Argumenta-se portanto que, acima de tudo, pensar o desenvolvimento do mundo rural de interior, ou de litoral, exige a definição de objectivos, prioridades e definição de modelos de desenvolvimento específicos, que explorem ao máximo, dentro dos limites de capacidade de regeneração, os recursos existentes nas zonas em causa, e que lhe conferem as especificidades próprias. Argumenta-se ainda que as opções de desenvolvimento devem ser ponderadas em função de um ordenamento do território baseado na gestão sustentada dos recursos naturais e do equilíbrio ambiental, pois estes são condições do próprio desenvolvimento. Não adianta tentar promover o desenvolvimento florestal de produção em áreas onde claramente a opção é cinegética ou o desenvolvimento agrícola e pecuário em áreas com forte vocação florestal de produção, com consequentes baixos rendimentos e deterioração dos recursos naturais de base.

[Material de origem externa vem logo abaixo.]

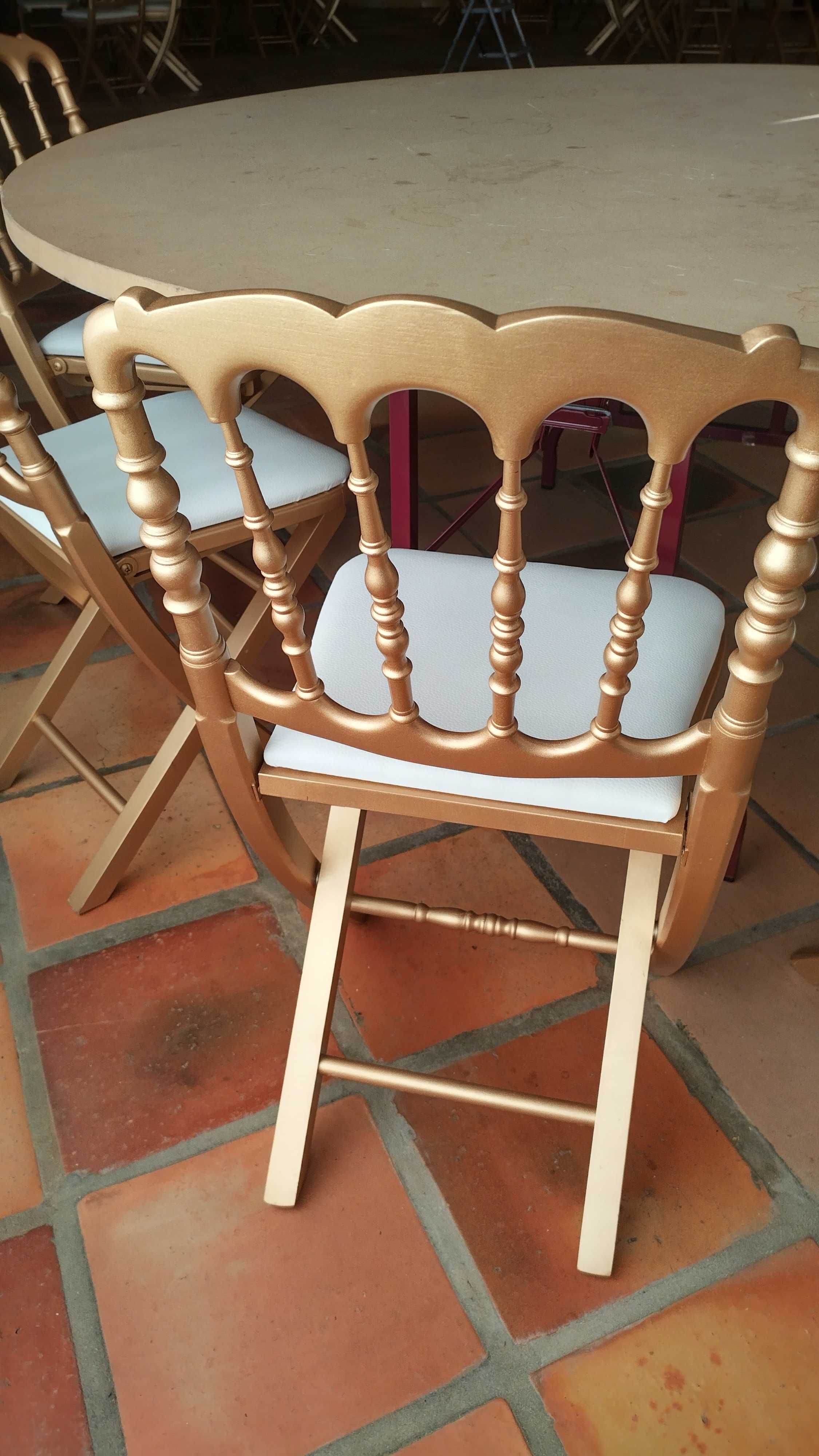 Cadeira napoleão dourada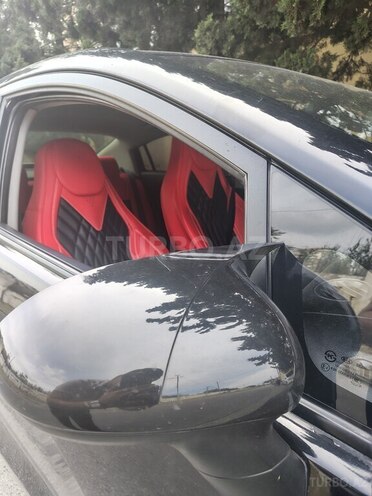 Kia Rio-5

Acima de tudo, uma forte aposta deve ser a garantia da diversidade e multi-funcionalidade das actividades, com respeito não apenas pela biodiversidade do território mas também pelo uso múltiplo do espaço, condição essencial à prossecução de objectivos de sustentabilidade e à eficiência económica no melhor uso possível dos recursos endógenos existentes.

Soluções existem na mão dos que têm a responsabilidade directa de gestão. Soluções residem em abordagens cautelares e preventivas que compatibilizem o equilíbrio ambiental, a utilização sustentada dos recursos e as necessidades de desenvolvimento.